Tocaba el jueves Apache, unos clásicos que, carretera y manta, se vienen de Jaén una vez al mes y entre una vela al diablo de los Rolling y un respeto por Pink Floyd alegran al público al que no llamaremos respetable porque abundaban los hombres dispuestos a saquear lo que se les pusiera por delante, es decir, las clientas femeninas del entrañable local.
¿Por qué a los hombres les gustan las guapas, ir a saco en las discotecas y decir en los partidos del Mundial “un gol ahora lo cambia todo”? El asunto tiene poco misterio, es predecible y responde a una lógica humana bastante elemental.
¿Por qué a los hombres les gustan las guapas, ir a saco de noche y decir que “un gol ahora lo cambia todo”?
A mí lo que me fascina es el sentido del tempo femenino según el cual dejarse llevar por la noche, por los instintos o el impulso del primer momento –en periodismo, cuenta mucho ese factor a la hora de indagar las historias– se convierte en un problema, como nos pasa a los pobres cuando nos cae un billete de 500 euros y todo es sufrimiento por el que dirán, el dónde lo cambio o cómo pago yo una cena en un restaurante de confianza sin que desconfíen.
Yo dejé de ser pesado mil años atrás y cuando suena el “corres mucho” o “vas a saco” no espero al segundo aviso, homenaje personal a la igualdad de género y rasgo de orgullo propio.
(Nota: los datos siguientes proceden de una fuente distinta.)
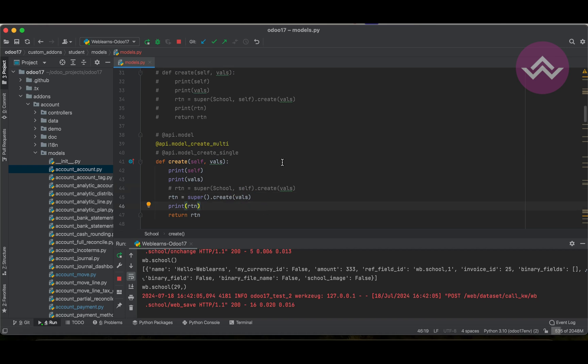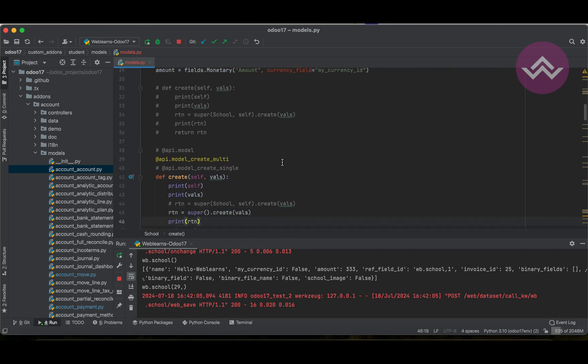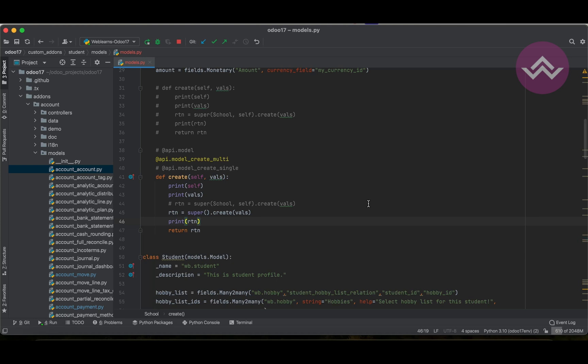Let me recap one time. The create method's vals parameter depends on the decorator you use — it will automatically be passed in dictionary form. There are three types of decorators we can apply: api.model, api.model_create_multi, and api.model_create_single. It is compulsory to call the super method to store the data into the database, and after that it automatically returns the record set.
Siempre he pensado que el tempo femenino –nunca la primera noche, casi siempre la segunda– es un freno de mano manual en tiempos de paneles electrónicos porque, a menudo, no hay segundas oportunidades y menos cuando la vida pasa veloz para los que fueron niños y niñas.
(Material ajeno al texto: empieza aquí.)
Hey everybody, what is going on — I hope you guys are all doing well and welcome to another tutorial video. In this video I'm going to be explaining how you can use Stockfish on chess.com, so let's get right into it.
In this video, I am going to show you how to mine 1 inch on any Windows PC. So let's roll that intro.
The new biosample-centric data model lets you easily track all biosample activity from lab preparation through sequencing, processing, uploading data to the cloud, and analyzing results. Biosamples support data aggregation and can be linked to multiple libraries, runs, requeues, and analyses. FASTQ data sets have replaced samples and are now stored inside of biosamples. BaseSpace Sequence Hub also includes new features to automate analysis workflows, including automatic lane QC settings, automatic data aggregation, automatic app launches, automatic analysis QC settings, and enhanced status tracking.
Me recogí pronto, sobre las tres, porque si me quedo más rato la columna se esfuma: lo de entrar a saco a las cuatro o las cinco ya no es seducción, es desesperación. Muy pocos triunfaron, juraría, aunque nunca se sabe. Le tomé cariño a un tipo de camisa de lino blanca que salió a ganar el partido y se llevó dos besos pero sin continuidad porque ella se marchó del local con una amiga y él se quedó con el deseo y las ganas.
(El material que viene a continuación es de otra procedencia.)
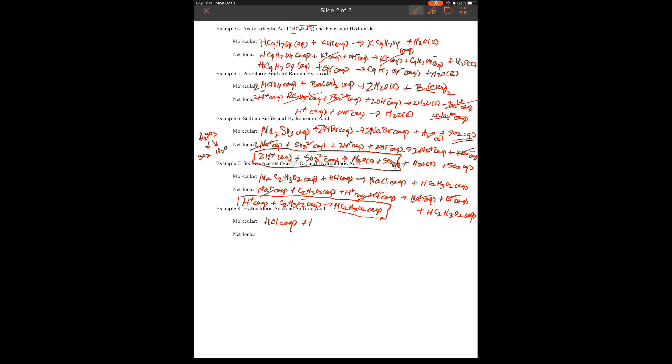Example eight is a case with no reaction. Unlike example seven where we form a weak electrolyte, here hydrochloric acid HCl aqueous and sulfuric acid H2SO4 aqueous are both strong acids. When we swap partners, we still get H2SO4 and HCl — essentially we're just mixing two strong acids together. Everything drops out, so we write 'no reaction.' Forming a weak electrolyte drives the reaction; mixing two strong acids together does not.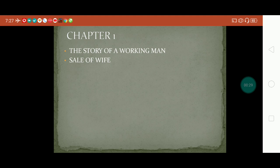Thomas Hardy's The Mayor of Casterbridge was published in the 1880s and, like many other books of the Victorian era, this book too was published in serialized form. Serialized form means it was published in installments, in magazines and journals, because that was the culture of the day and readers were often anxiously waiting for every installment.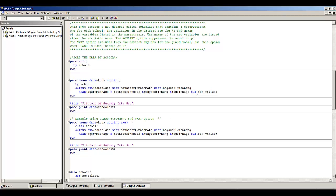In this next set of code, I'm going to use PROC MEANS to create a new data set called SchoolDat that contains four observations, one for each school. The variables in the data set are the Ns or non-missing values and the means of the variables listed in the parentheses. The names of the new variables are listed after the statistic name. I'm going to use the NOPRINT option to suppress the usual output, and I'll show you the NWAY option when using a CLASS statement rather than a BY statement.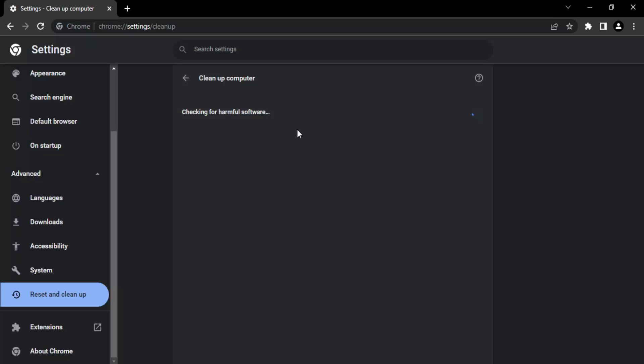But you might not get this option on your screen. You might get something like 'Do you want to start checking?' So you can just click on the Start checking button and then what will happen is this process will start. I have already started this process.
En noches así, uno piensa que ser hombre es muy sencillo y cuesta poco aunque haya mucha competencia de la que estimula el funcionamiento del mercado. Ser mujer, por contra, me pareció –como tantas veces– complicado: como convertir una oportunidad en un dilema. El de la camisa de lino no se cortó las venas, regresó a la barra, se pidió otra copa y ahí se quedó, diría yo que tan tranquilo.